Wednesday, June 23, 2010

WHAT IS CANCER

About cancer We can describe only its appearance and its behavior. No one knows why Hippocrates, two and a half millenniums ago, chose the word crab (cancer) to designate the various tumors and ulcers that came under his observation. Possibly their shape or associated symptoms suggested this particular crustacean to the ancient physician.
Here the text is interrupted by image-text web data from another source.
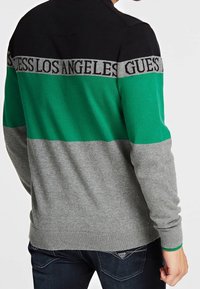 Maglione lavorato a maglia verde, nero e grigio con una fascia che presenta il testo "GUESS LOS ANGELES" sulla parte anteriore. Polsini e orlo a costine.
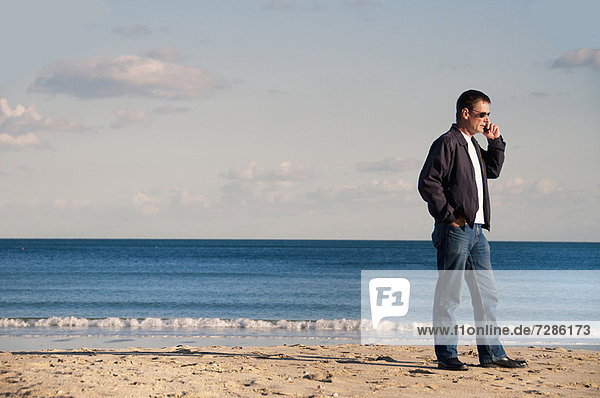 Mann  der am Strand mit dem Handy spricht.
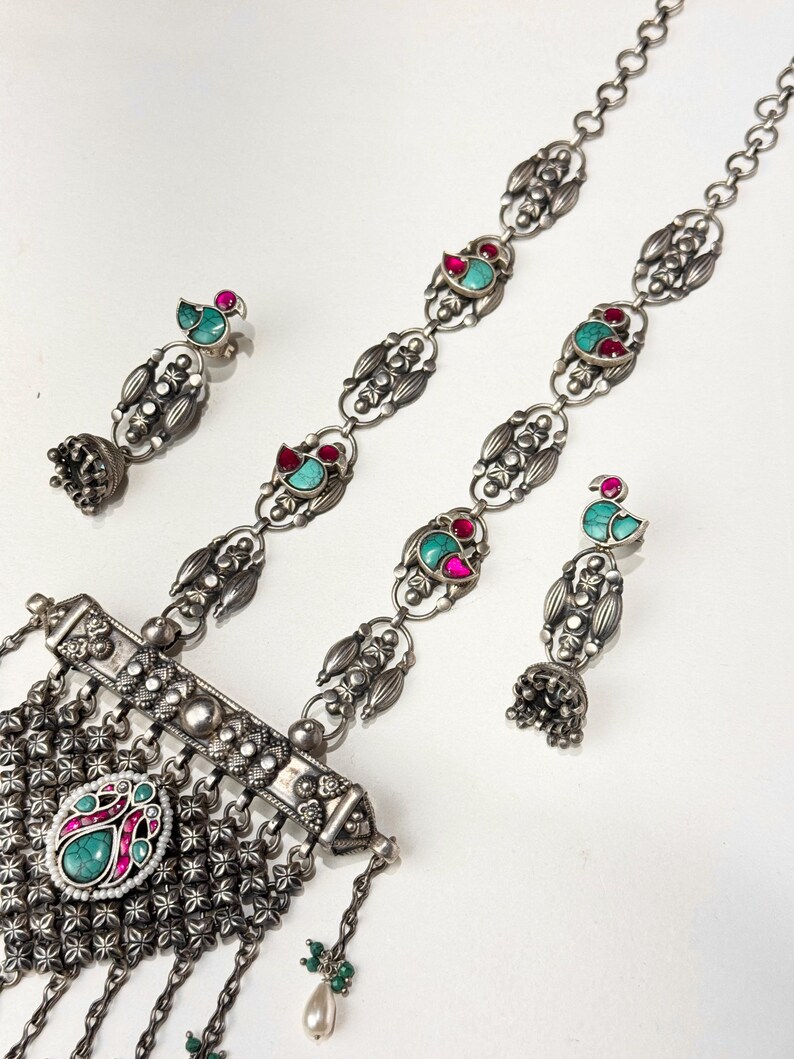 May include: A silver-toned jewelry set featuring a necklace and two pairs of earrings. The necklace has a central pendant with a turquoise and pink stone, and the earrings and necklace have turquoise and red accents.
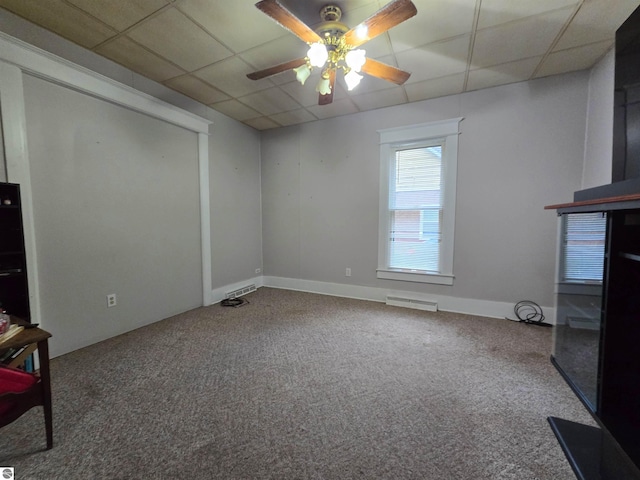 820 Wallace St, Cadillac, MI 49601 - unfurnished living room featuring ceiling fan, carpet flooring, and a drop ceiling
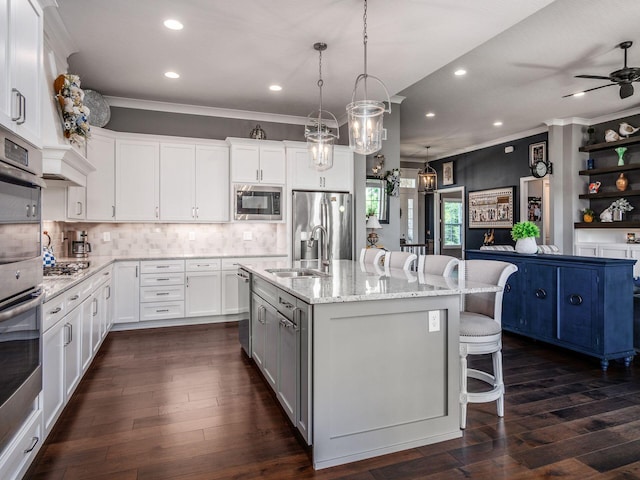 2235 Forestview Ln, Delaware, OH 43015 - kitchen featuring appliances with stainless steel finishes, crown molding, recessed lighting, a kitchen breakfast bar, and backsplash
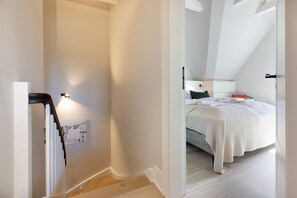 Une chambre à coucher avec un lit, une table de chevet et une lampe fixée au mur.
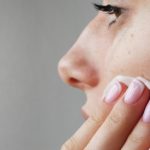 Kobieta przykłada płatek kosmetyczny do skóry, ma problem z kaszką na twarzy.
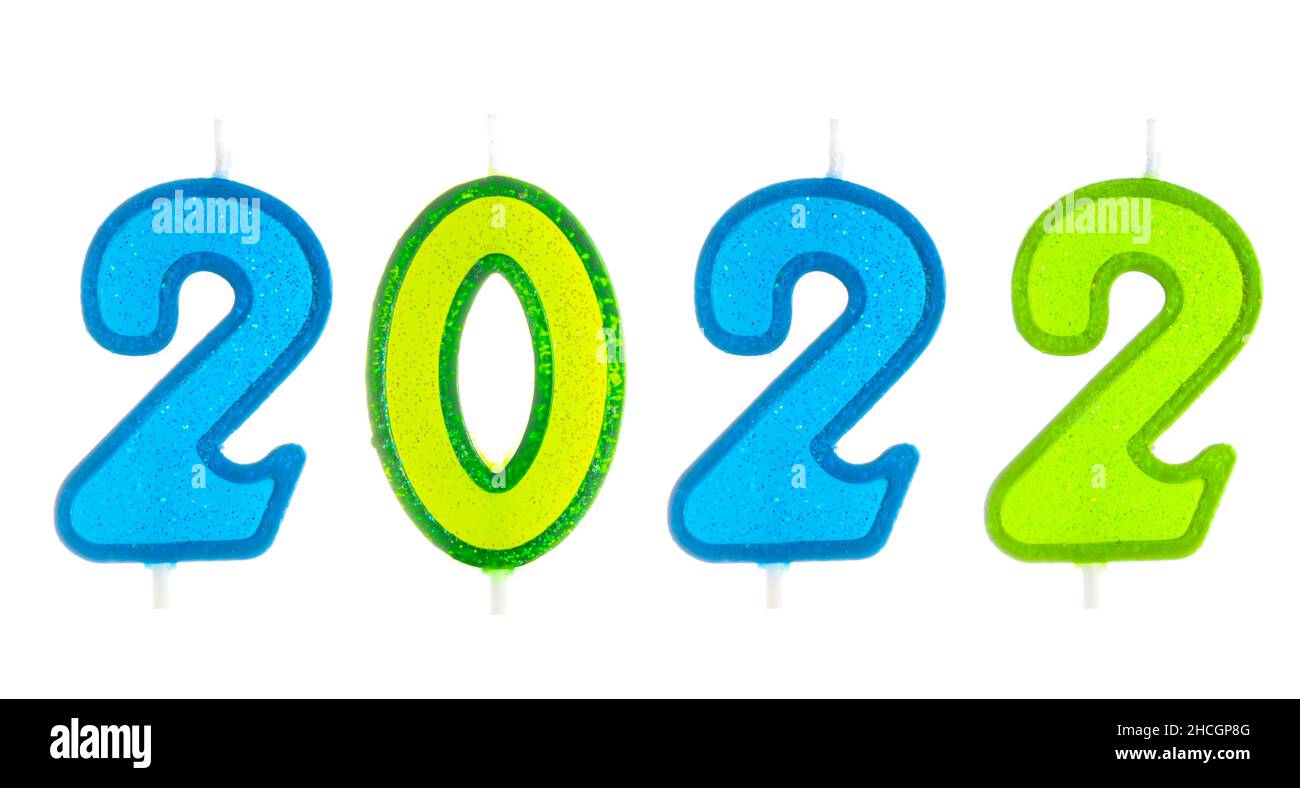 2022 felice anno nuovo che brucia candele partito isolato su bianco. Foto Stock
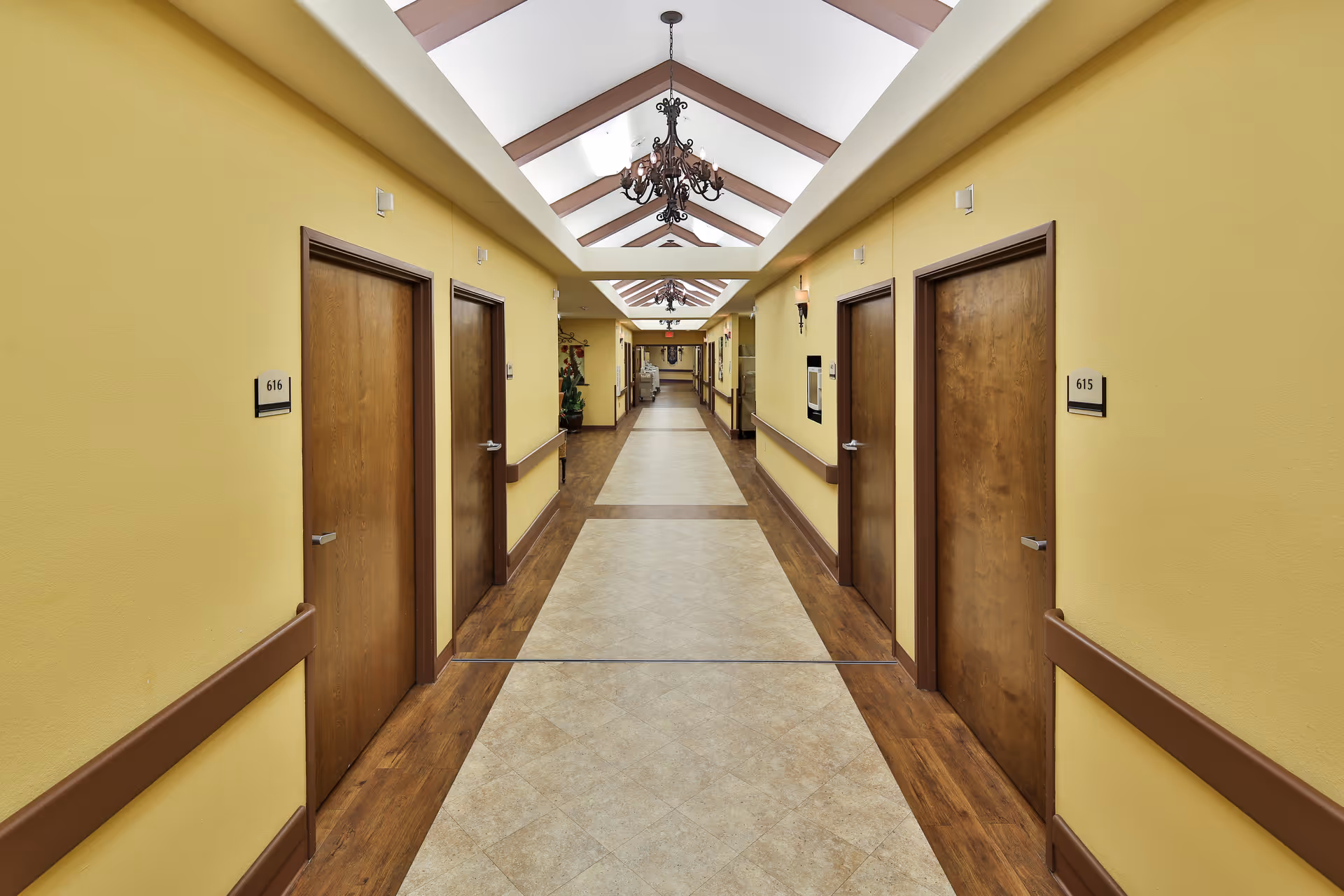 A long, well-lit hallway in a senior living facility with yellow walls, wooden doors on both sides labeled with room numbers 615 and 616, and a tiled floor with wooden borders. The ceiling features skylights and decorative chandeliers.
Suffice it to say that the accumulated evidence of the centuries has taught us that cancer is a new growth of tissue which pursues an impudently independent course, without regard to the rest of the body, has no definite termination of growth, serves no useful purpose, and is ultimately fatal to the individual afflicted with it. The growth kills either by expansion as a single mass, or by infiltration and destruction of normal tissues, or by spreading to various parts of the body to set up similar parasitic growth.

Like other tissues, cancer is composed of living units called cells. These cells, although they may at times appear like normal well-disciplined cells, are "armed-to-the-teeth bandits," as far as the regulatory laws of the body are concerned. Normal body barriers and de- fence mechanisms are shattered under their barrage. These cells invade, replace, and destroy normal tissue precisely like a horde of vandals who ravage the land without thought of future needs and eventually perish, victims of their own destruction. Why these cells behave that way we do not know. Both normal cells and cancer cells can be made to live and grow in culture mediums outside the body. Under such conditions both possess the property of unlimited growth. But if transplanted back into the body from whence they came, the normal cells immediately become obedient to the laws of the body. The cancer cells remain outlaws.